Adame Yirgachefe 2nd Cycle School, Ethiopia
How we helped a school from 54th to 2nd
The Costa Foundation first became aware of Adame Yirgachefe 2nd Cycle School in January 2011 having heard of the difficulties the children and teachers were experiencing through their Ethiopian Project director (Mesay Kassaye).
Before Our Involvement
One of the Costa Foundation Trustees plus the foundation's Manager visited the school in March 2011 on the pretext of being interested in education in rural Ethiopia. The school was in a dreadful state with up to 90 children crammed in a classroom and the structure being very poor (if not unsound).
The classrooms had dirt floors which is a risk to children with no shoes due to the presence of dust fleas in the earth which attack the soles of their feet the children can end up crippled. Adame Yirgachefe is a really impoverished community and at least 50% of the children witnessed back in 2011 had no shoes.
The classrooms were made out of sticks and mud and were in poor condition with leaking roofs, no windows, limited furniture and hardly any text books. The school was in such poor shape that there were very few teachers present and of those there, at least 3 had never been to school themselves.
There was no fresh water within 5 kms (3 miles) of the school and no electricity.
Understandably; the school was not performing well in the regional league tables.
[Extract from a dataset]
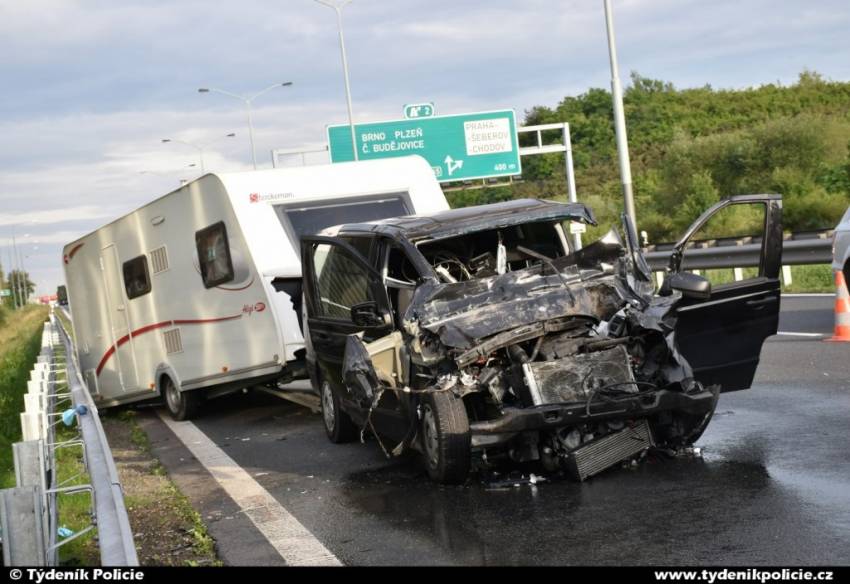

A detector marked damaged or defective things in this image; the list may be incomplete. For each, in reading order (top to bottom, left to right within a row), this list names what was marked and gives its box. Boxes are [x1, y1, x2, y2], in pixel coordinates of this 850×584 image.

burnt bodywork [300, 194, 780, 482]
wrecked black van [300, 196, 780, 484]
broken bumper [468, 386, 712, 450]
Teachers were not adequately trained and children were in overcrowded classrooms and in conditions not conducive to a good learning experience. Indeed the school came 54th out of 57 schools in the regional league table in 2011.
Changes Made By The Costa Foundation
Working closely with the community and Local Education Authority and with the skilled guidance of the Costa Foundation Ethiopian Country Director (Mesay Kassaye); a plan was put in place to demolish the old and unstable classrooms and build six new classrooms and a library all complete with new furniture and over 2,500 text books. The new school now has fresh water on site, electricity, sports kits and equipment for the students to use in extra-curricular lessons.
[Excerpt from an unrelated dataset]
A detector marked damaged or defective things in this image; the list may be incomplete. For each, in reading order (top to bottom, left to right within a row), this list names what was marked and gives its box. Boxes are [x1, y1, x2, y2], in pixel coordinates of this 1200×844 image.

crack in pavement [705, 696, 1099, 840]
The children were safely moved to nearby buildings on a temporary basis while the new construction took place.
The new school opened in October 2011 and has been wonderfully received by the children, parents and teachers. Some highlights to share are:
- The children now have extracurricular lessons run by teachers on a voluntary basis and with team leaders from among the students (some aged 10). The lessons are in HIV and AIDS awareness, gender, environment, sports and presentation skills. Not only do students attend these lessons but the parents do too.
- One small example of the above having an impact on the parents and wider community is the fact that litter is now collected and taken to landfill for the first time (it used to be just dumped on the side of the road). This is an initiative started by the children by the use of waste baskets at the school
- The school now has a full complement of teachers and even has a waiting list of other teachers keen to work at the school.
- All of the teachers at the school now have degrees in teacher training.
- 30% of the teachers are female (versus 10% previously)
- Student drop-out rate dropped from 35% to 5% in 2012
- But the biggest impact is that the school came 2nd in the regional league tables in 2012, a remarkable uplift of 52 places from their 54th place in 2011
- You won’t be surprised to learn that the school intends to come first in 2013.